RzenikBlogspot: A large fall of rocks from the edge of the northern wall of Rzenik
Contribution to the chronicle of Rzenik II
In Grintovci (the local term for the Kamnik-Savinja Alps, which are located in the northern part of central Slovenia and create a natural border with Austria), is the wall of Rzenik (1833 m) - a mighty, 300 to 500 m high, north-oriented rock wall. It rises above the valley of Kamniška Bela. The southern side of Rzenik is flat, overgrown at the top with dwarf pine trees, and below the mountain it breaks into an ancient forest, which in recent years has been subject to severe devastation. In the east, the world breaks from mountain Konj along steep walls and ravines into Lučka Bela, and in the west it descends along the ravines past Ojstri rob and below Cerkev it passes steeply to Mravljinčev rob and the forest slopes of Kamniška Bela. The Rzeniški wall is bounded by: north-eastern edge and Konjska grapa in the east, Rzenik scree in the north, northwestern edge in the west, and Ostri rob behind Medvedova lašta. The Rzenik wall is considered to be one of the most crumbling walls in the Slovenian mountains. It is definitely worth mentioning that the area of Kamniška Bela, to which the Rzenik wall belongs, was a popular mountain hunting ground of the Yugoslav King Alexander (1888-1934) before the Second World War.

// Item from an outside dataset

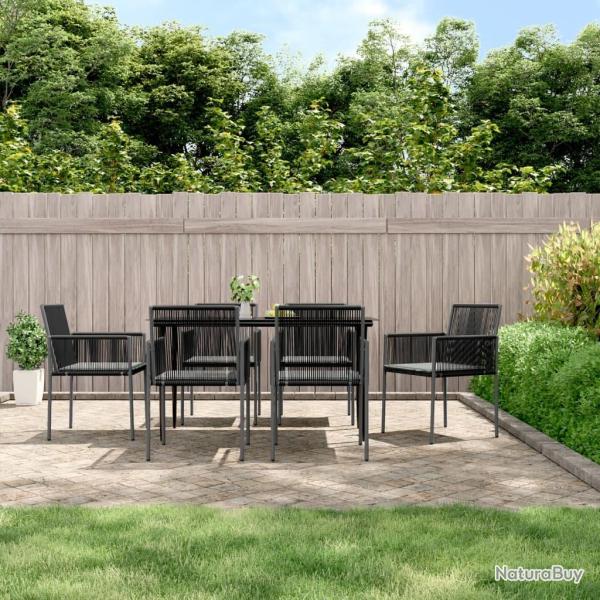 Chaises de et coussins lot de 6 noir 54x60,5x83,5 cm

Barely 1833 m high, the peak was in the center of climbing interest after making large ascents in the central ridge of Grintovci. Verbič, Iglič and Vončina were the first to try to climb this wall in 1930. The following year, the then most active climbers in Grintovci, Modec and Režek, were unsuccessful in the wall. Climbers from Ljubljana Režek, Miro and Janez Gregor, Župančič, Ogrin, Orel, Tarter persistently searched for possible passages in the central part of the wall at the top of the peak in the following years, but without success. The highest they could reach was less than a hundred meters up the wall.
Then the most ardent and persistent connection of the Rzeniški besiegers Modec - Režek entered the northern wall and on June 27, 1933, they successfully climbed it. This excellent ascent did not arouse a special response at that time, only later, when the period of competition between Ljubljana and Kamnik climbers began, the ascents in the Rzenik wall aroused the public interest.
On October 31, 1937, after a long tour, Kamnik climbers Bina Benkovič, Pavle Kemprle and Janez Presl climbed a new route in the extreme left part of the wall. The direction brought up quite a bit of tension between the rivals. Therefore, Benkovič and Kemprle persistently looked for the possibility of an ascent that would take place completely along the wall, and on 18 May 1939 they managed to draw a new line in the north-western wall, for which the Ljubljana climbers also acknowledged their masterful deed.
After the Second World War, a new generation of climbers appeared, but they found support in the experiences of hardened Rzenik climbers Kemprl and Režek. First, the Kamnik climbers Čebular - Čebulj - Štupar climbed the Central route in 1951, and two years later the connection Čebulj - Habjan crossed the northern wall. In 1956, Marko Dular and Ljubo Juvan ascended the Central Pillar and reestablished a "competitive balance". This was followed by repetitions of the already mentioned routes (many repetitions were carried out mainly in winter, because the period of sport categorization of mountaineering ascents brought good points). With the development of top rank mountaineering in Slovenia, many new directions were created. Climbing problems were solved by the most famous Slovenian alpinists: Franček Knez (Brown Belt), Pavle Kozjek, Silvo Karo, Janez Jeglič, Tomaž Humar, Marko Prezelj, etc. There were no human casualties in the wall, only a few falls and some minor injuries caused by falling rocks that did not require rescue. The crumbling nature of the wall and the lower interest of Slovenes in classical mountaineering have recently greatly reduced the interest in this wall, except from a few BASE jumpers jumping over the wall.
Falls of rocks
Despite the exposure of the walls and the strongly pronounced cracks at the edge of the wall, history does not record events in the wall. All that is known is that long ago, individual sheep fell from the edge of the wall onto the gravel beneath it, and the shepherds found nothing there but just a remnant of wool.
In 2014, a landslide was observed in the central part of the wall. On February 26, 2021, during a period of heavy warming (previously heavy rain and then severe cold), a huge part of the northern wall in the north-eastern area collapsed - especially Jakov route (first climbed on September 4, 1971 by Berto Ribič, Tone Trobevšek and Janez Uršič - Jak). There were millions of cubic meters of rocks, but due to the uninhabited places, thankfully did not cause any casualties.